Doubiiu / DynamiCrafter

[ECCV 2024] DynamiCrafter: Animating Open-domain Images with Video Diffusion Priors
Apache License 2.0
2.09k stars 165 forks source link

Error of running inference on multiple GPUs #21

Open canqin001 opened 5 months ago

canqin001 commented 5 months ago

Hi, @Doubiiu thank you for the impressive work! I met an error when running sh scripts/run_mp.sh 1024:

RuntimeError: Expected all tensors to be on the same device, but found at least two devices, cuda:0 and cuda:7! (when checking argument for argument weight in method wrapper_CUDA__cudnn_convolution)

Do you have any suggestions?

Doubiiu commented 5 months ago

Hi Can, I have tested run_mp in my environment without problem. I doubt if there is any incompatibility issue in terms of environment? for instance, pytorch?

Chuchad commented 3 months ago

@canqin001 have debugged using import rpdb. Now, I have try with 2 or 4 GPUs and everything goes well (maybe any number will be fine). You can edit the related file as follows:

lvdm-models-autoencoder.py-line-97 add with:

def encode(self, x, **kwargs):
if torch.distributed.is_initialized(): 
x = x.to(f"cuda:{torch.distributed.get_rank()}")

lvdm-modules-encoders-conditions.py-line-214 add with:

def encode_with_transformer(self, text):
if torch.distributed.is_initialized():  
x = self.model.token_embedding(text.to(f"cuda:{torch.distributed.get_rank()}"))
else:  
x = self.model.token_embedding(text)

scripts-evalation-inference.py-line-174 add with:

img = videos[:,:,0] #bchw
img =img.to(model.device)

Hope this could help you.

jryebread commented 2 months ago

@Chuchad Thank you for the great info, this allowed it to work on 4 A10 GPUS finally!
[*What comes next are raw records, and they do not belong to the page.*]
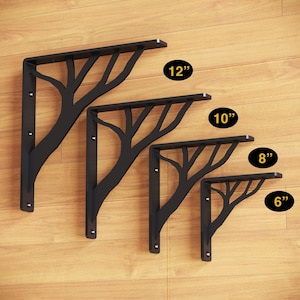 May include: Four black metal shelf brackets in different sizes, 6 inches, 8 inches, 10 inches, and 12 inches. Each bracket features a tree branch design.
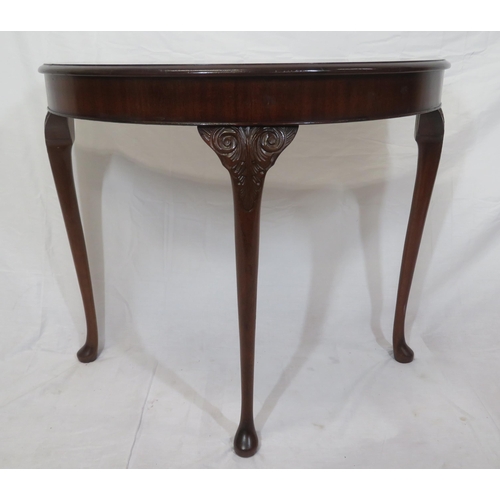 186 - Edwardian mahoany demi lune hall or side table with scroll knuckles, on cabriole legs with pad feet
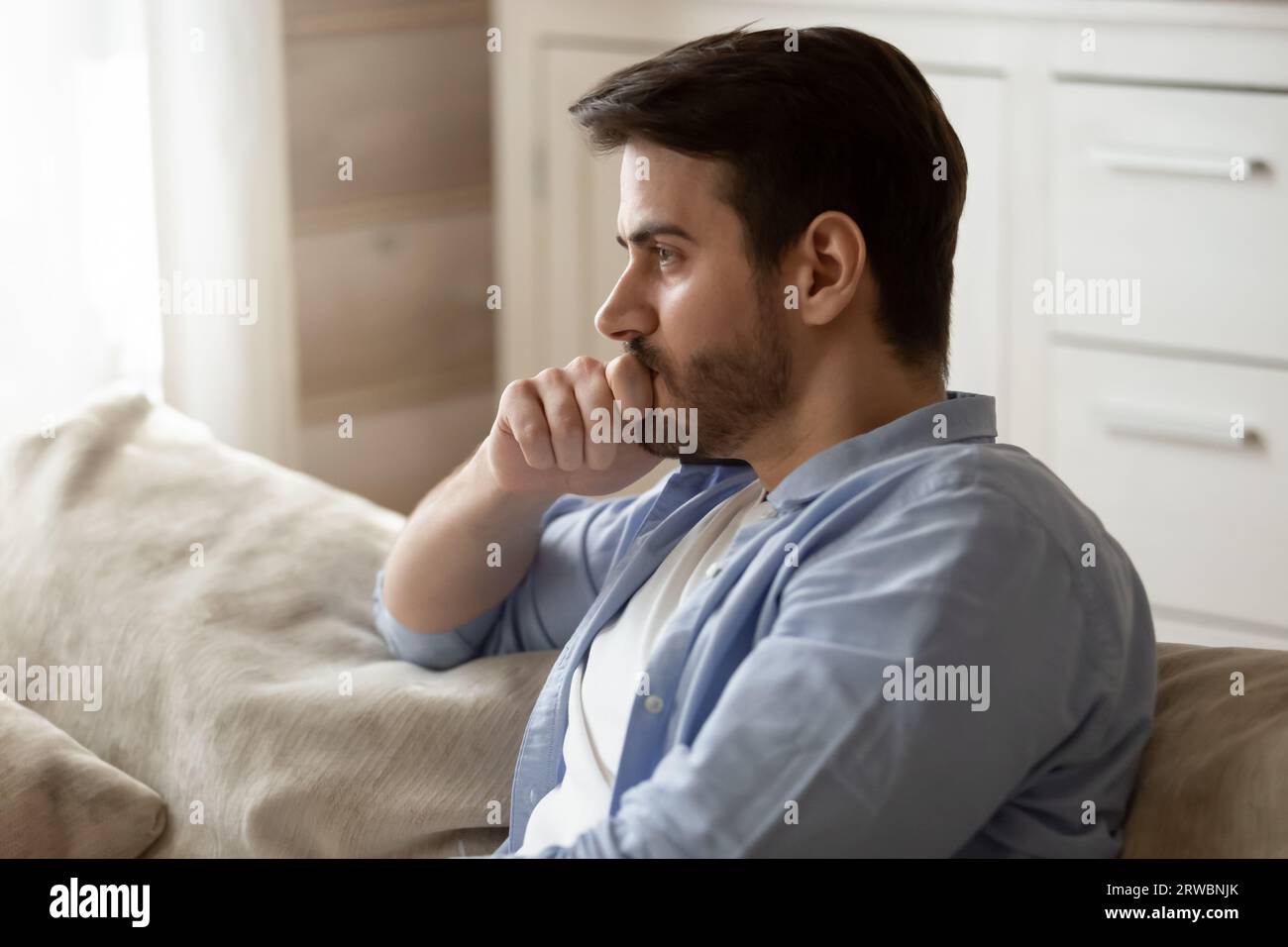 Thoughtful upset man pondering problem solving, sitting on couch Stock Photo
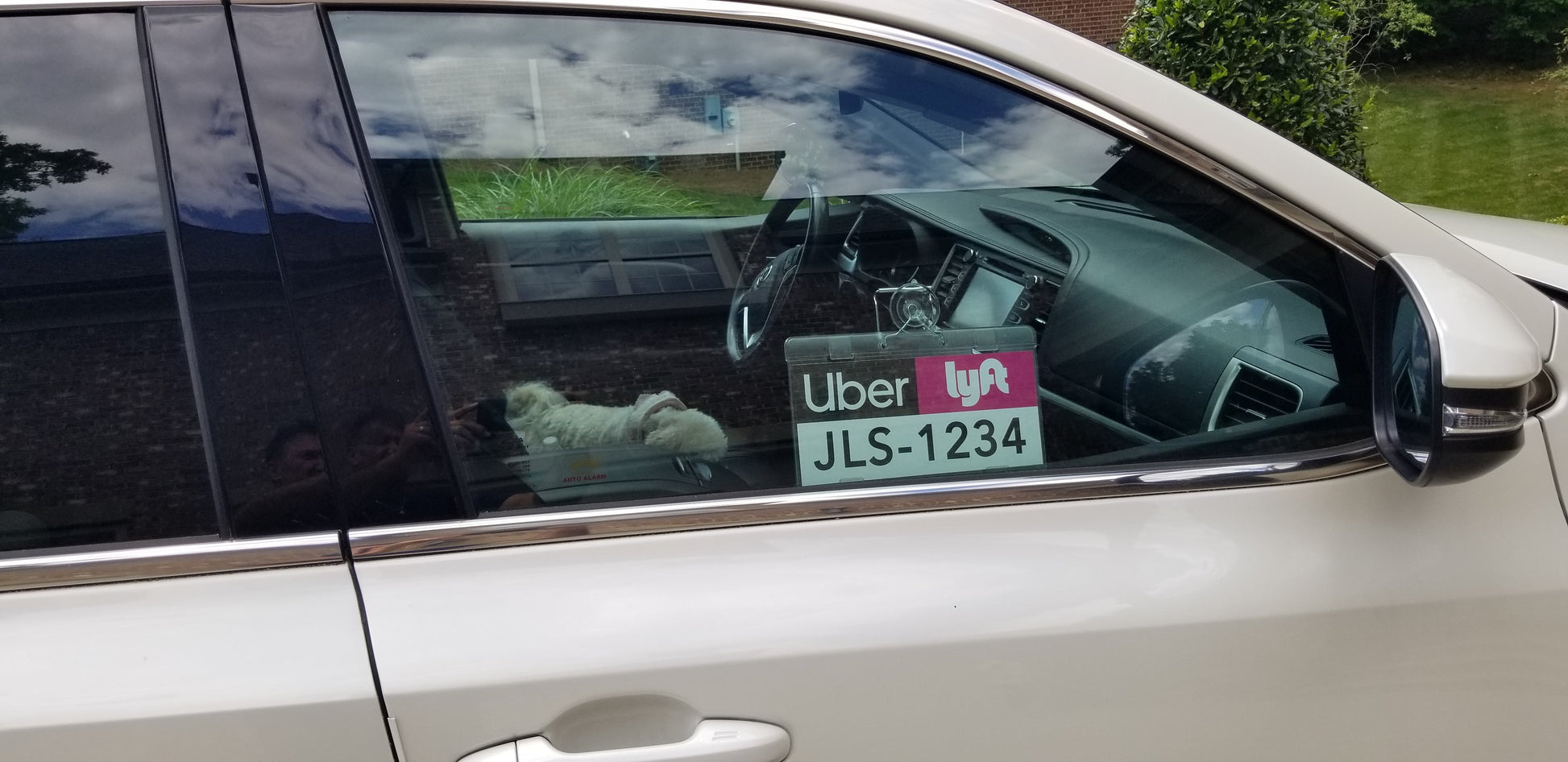 Uber and Lyft emblem holder display on passenger side window. Uber Lyft logo and license plate number and driver name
Do you know if it is possible to have it so that the checkpoint is loaded onto the GPUs so that when I want to run inference it is faster? for example I notice in the output everytime I run the model via run_mp.sh it sais "model checkpoint loaded" how can I have it loaded before inference call with an image? image

Chuchad commented 2 months ago

@Chuchad Thank you for the great info, this allowed it to work on 4 A10 GPUS finally!

Do you know if it is possible to have it so that the checkpoint is loaded onto the GPUs so that when I want to run inference it is faster? for example I notice in the output everytime I run the model via run_mp.sh it sais "model checkpoint loaded" how can I have it loaded before inference call with an image? image

You mean GPU loads model checkpoint in advance and the process can inference whenever receive your inference requests? You can integrate run_mp.sh pipeline with gradio_app.py. But it seems a little troublesome, haha.